*** Information shown Section Begins ***

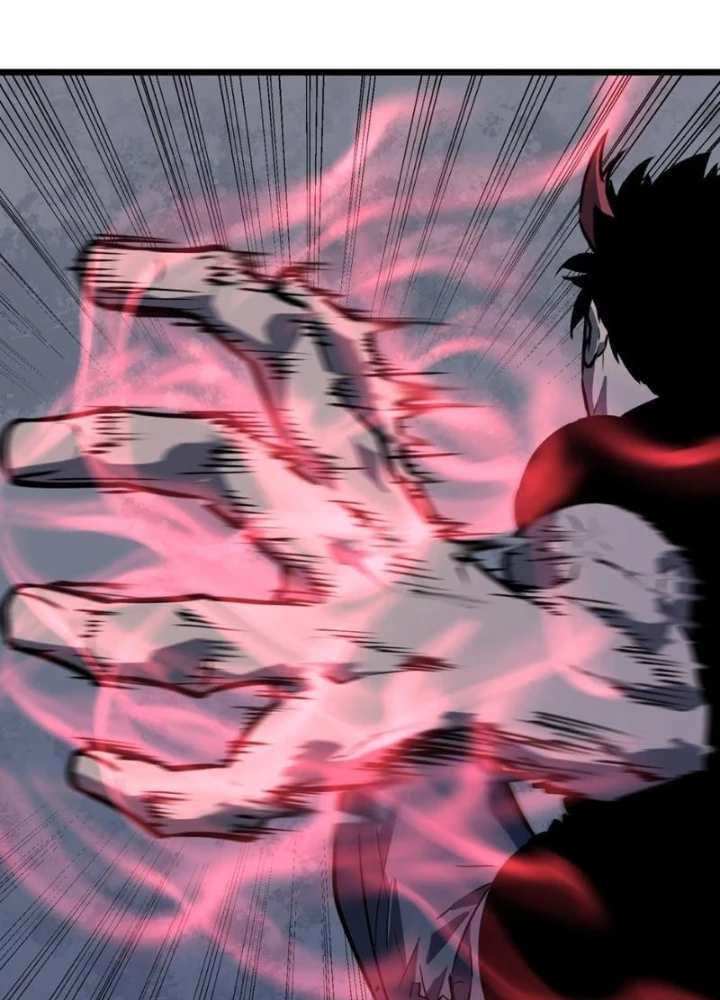 Dị Chi Long Vương Kháng Tất Cả Chapter 9 - Trang 2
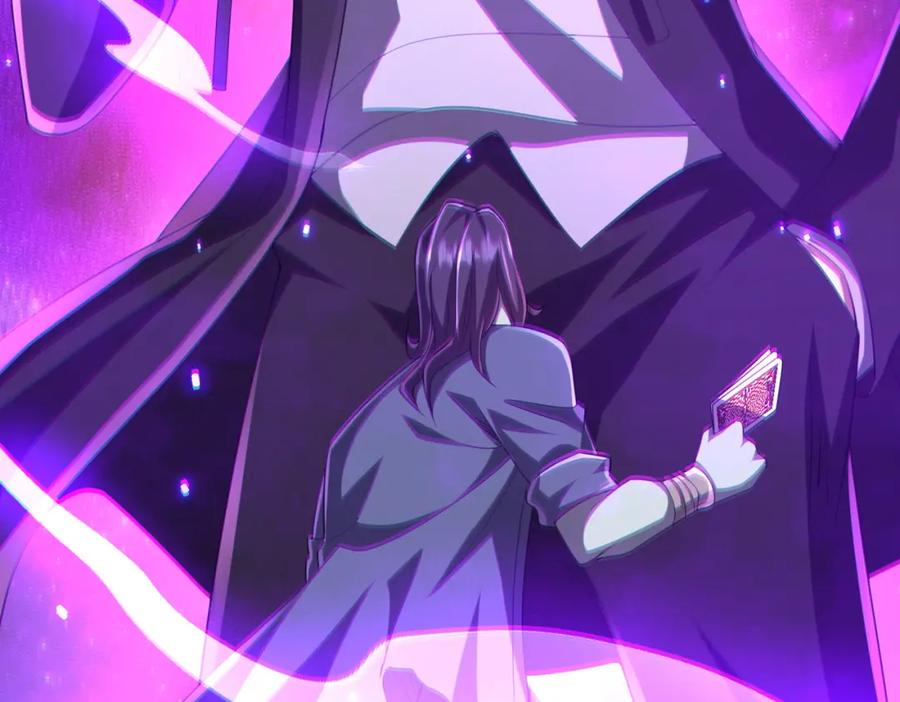 《全球惊悚：开局万亿冥币》第53话 装到顶头上司眼前了！ 第67页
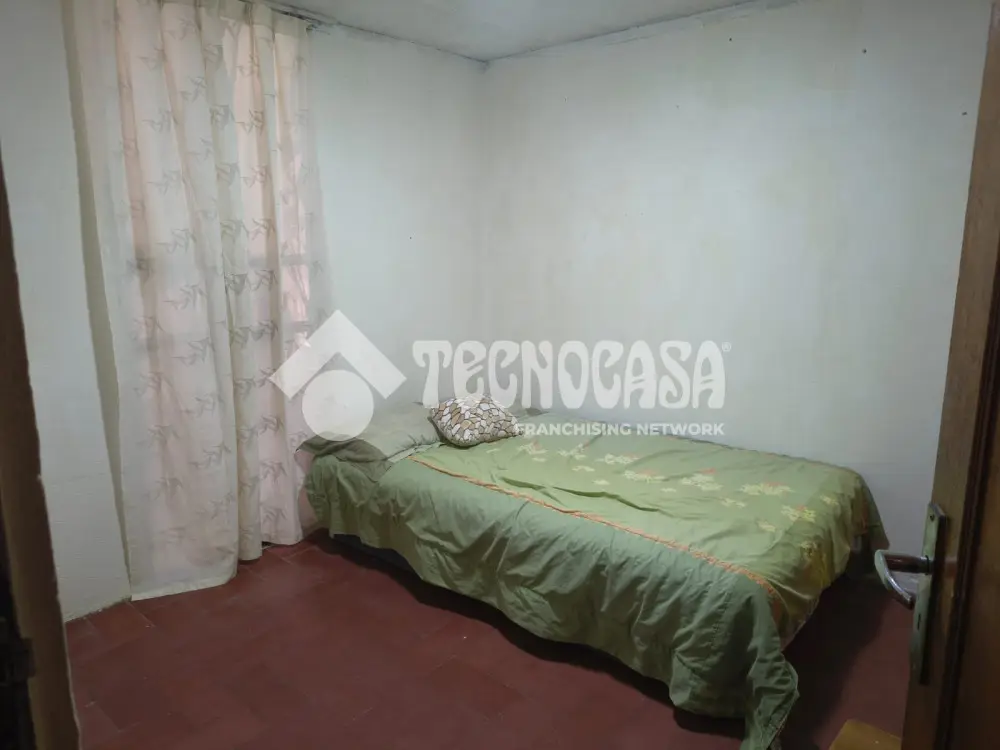 Casa en Agricola Pantitlan — foto 8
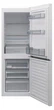 Холодильник SHARP SJ-BB02DTXWF-EU - зображення 1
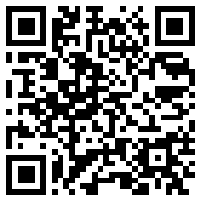 QR Code for bitcoin:bitcoin:dash:Xf3cJBE4U68kYcmKZUAxS1VndzNenNFt4b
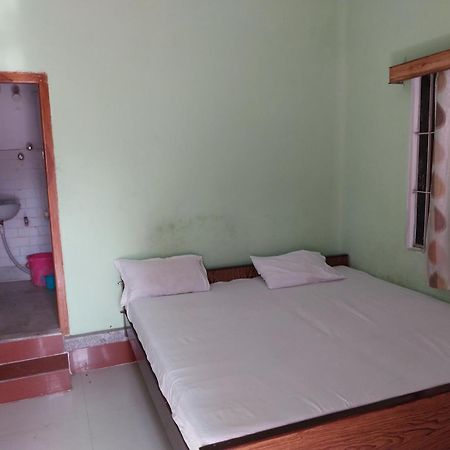 Hotel Mamata Раджгир Экстерьер фото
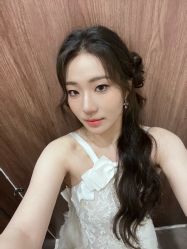 -WAVE SODA摄影工作室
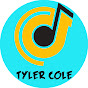 Tyler Cole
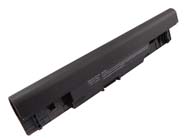 Dell 0FH4HR Batterie 11.1 7800mAh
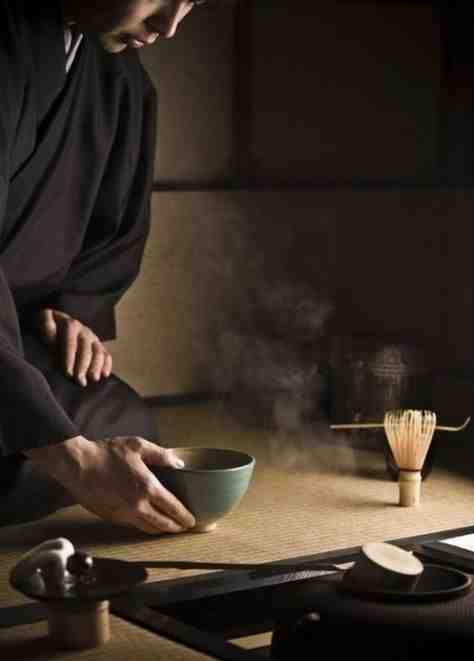 《理解与做到》被自己彻底理解的东西，就不需要自己再去知道这个东西究竟是什么东西了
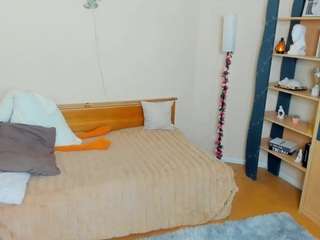 alissaperrodin webcam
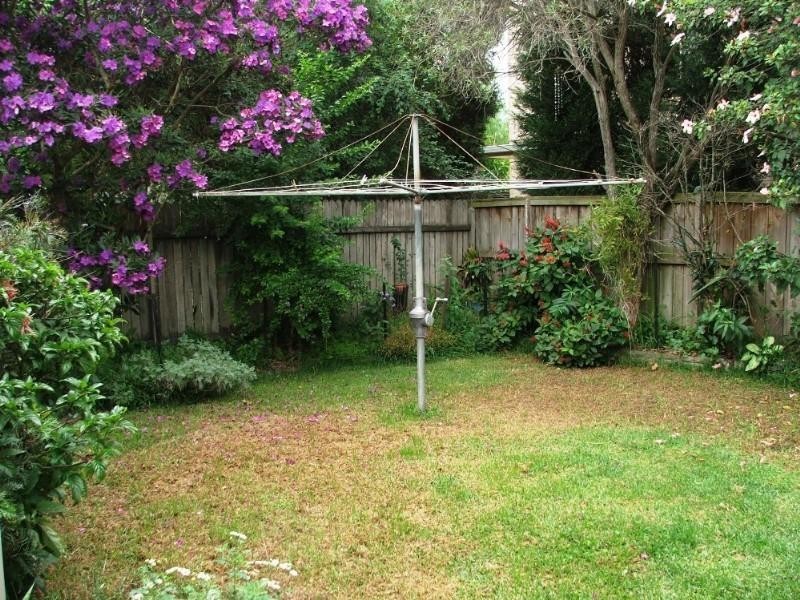 21 Wandsworth Street, Parramatta NSW 2150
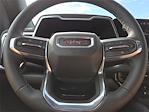 2026 GMC Canyon Crew Cab 4WD Pickup for sale #GMT1083 - photo 33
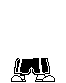 cuttrustsanslegs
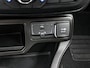 Jeep Renegade 1.0T Limited | Climate control | Apple Carplay/Android Auto | Parkeersensoren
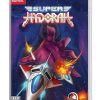 Wargroove for Nintendo Switch Game Review and Guide 4 Wargroove for Nintendo Switch Game Review and Guide 4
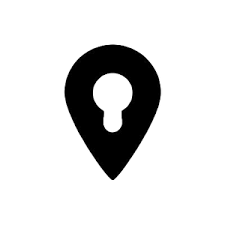 placekey Logo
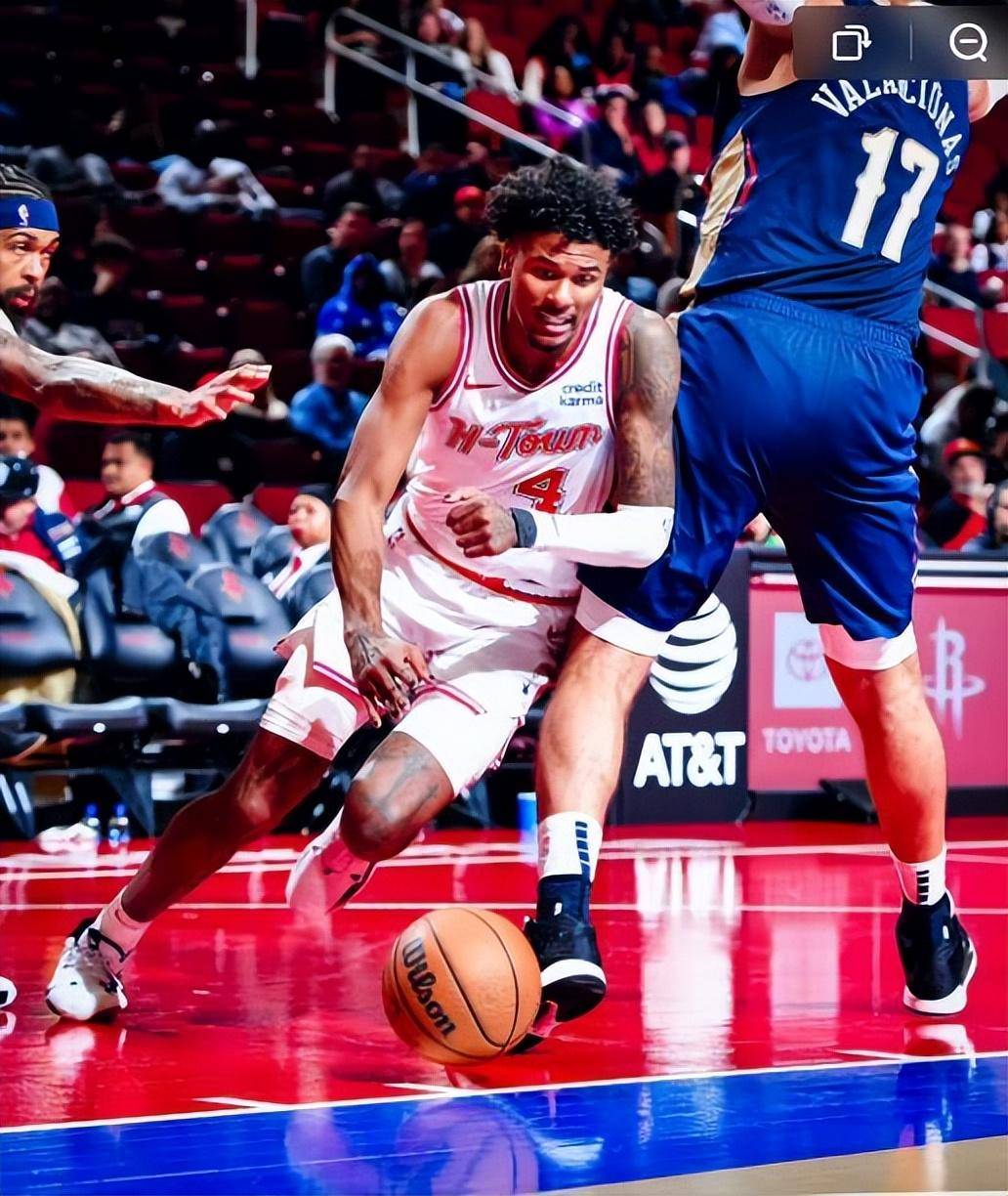 火箭宣布重要球员受伤将缺阵 火箭宣布重要球员受伤将缺阵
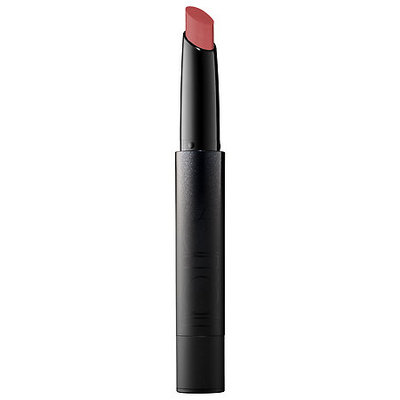 surratt beauty Lipslique Perfectionniste 0.05 oz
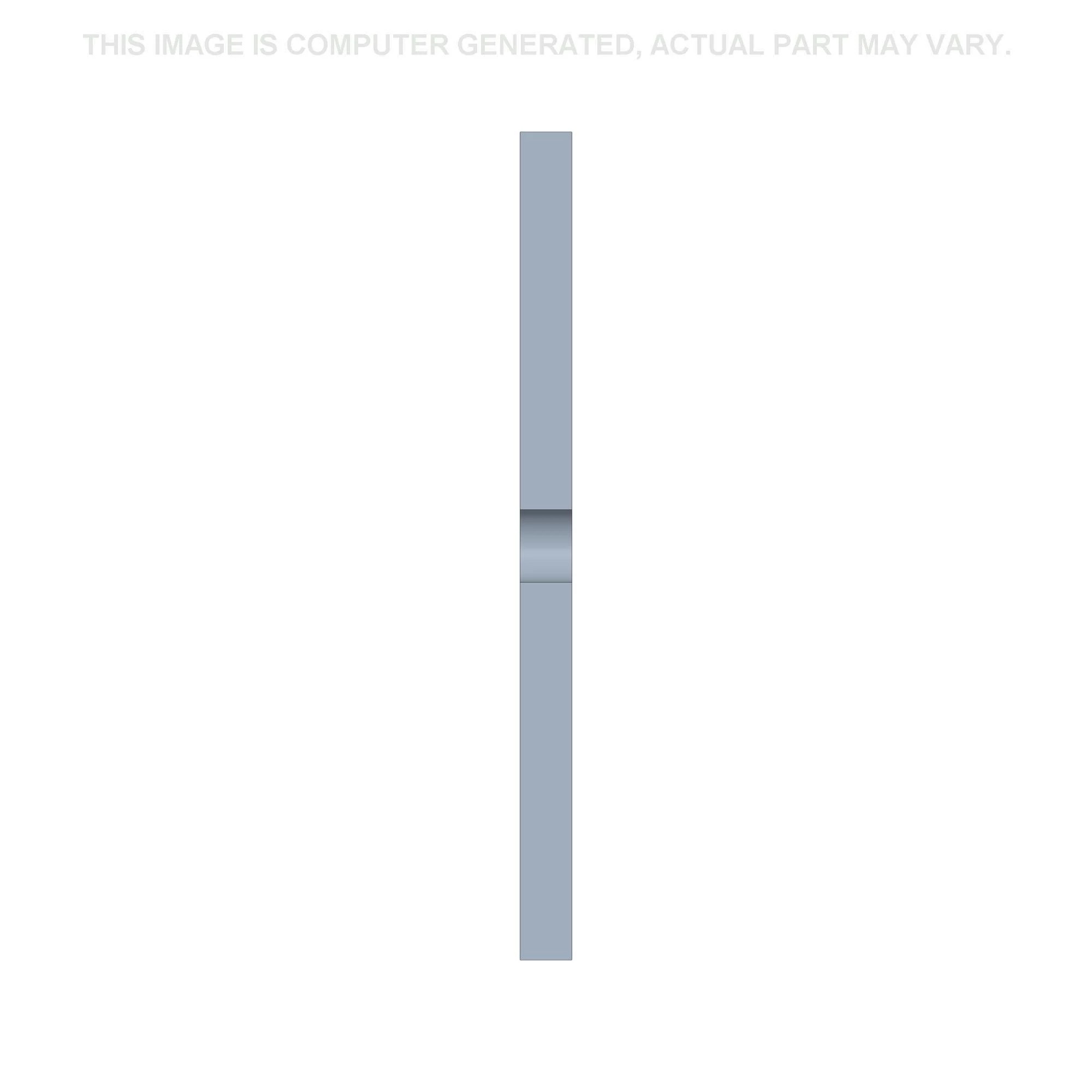 GASKET | CASEIH | US | EN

*** Information shown Section Ends ***

Work to be completed:
Repeat each record exactly, with the pictures left out.

Solution for this exercise:
 Dị Chi Long Vương Kháng Tất Cả Chapter 9 - Trang 2
 《全球惊悚：开局万亿冥币》第53话 装到顶头上司眼前了！ 第67页
 Casa en Agricola Pantitlan — foto 8
 Холодильник SHARP SJ-BB02DTXWF-EU - зображення 1
 QR Code for bitcoin:bitcoin:dash:Xf3cJBE4U68kYcmKZUAxS1VndzNenNFt4b
 Hotel Mamata Раджгир Экстерьер фото
 -WAVE SODA摄影工作室
 Tyler Cole
 Dell 0FH4HR Batterie 11.1 7800mAh
 《理解与做到》被自己彻底理解的东西，就不需要自己再去知道这个东西究竟是什么东西了
 alissaperrodin webcam
 21 Wandsworth Street, Parramatta NSW 2150
 2026 GMC Canyon Crew Cab 4WD Pickup for sale #GMT1083 - photo 33
 cuttrustsanslegs
 Jeep Renegade 1.0T Limited | Climate control | Apple Carplay/Android Auto | Parkeersensoren
 Wargroove for Nintendo Switch Game Review and Guide 4 Wargroove for Nintendo Switch Game Review and Guide 4
 placekey Logo
 火箭宣布重要球员受伤将缺阵 火箭宣布重要球员受伤将缺阵
 surratt beauty Lipslique Perfectionniste 0.05 oz
 GASKET | CASEIH | US | EN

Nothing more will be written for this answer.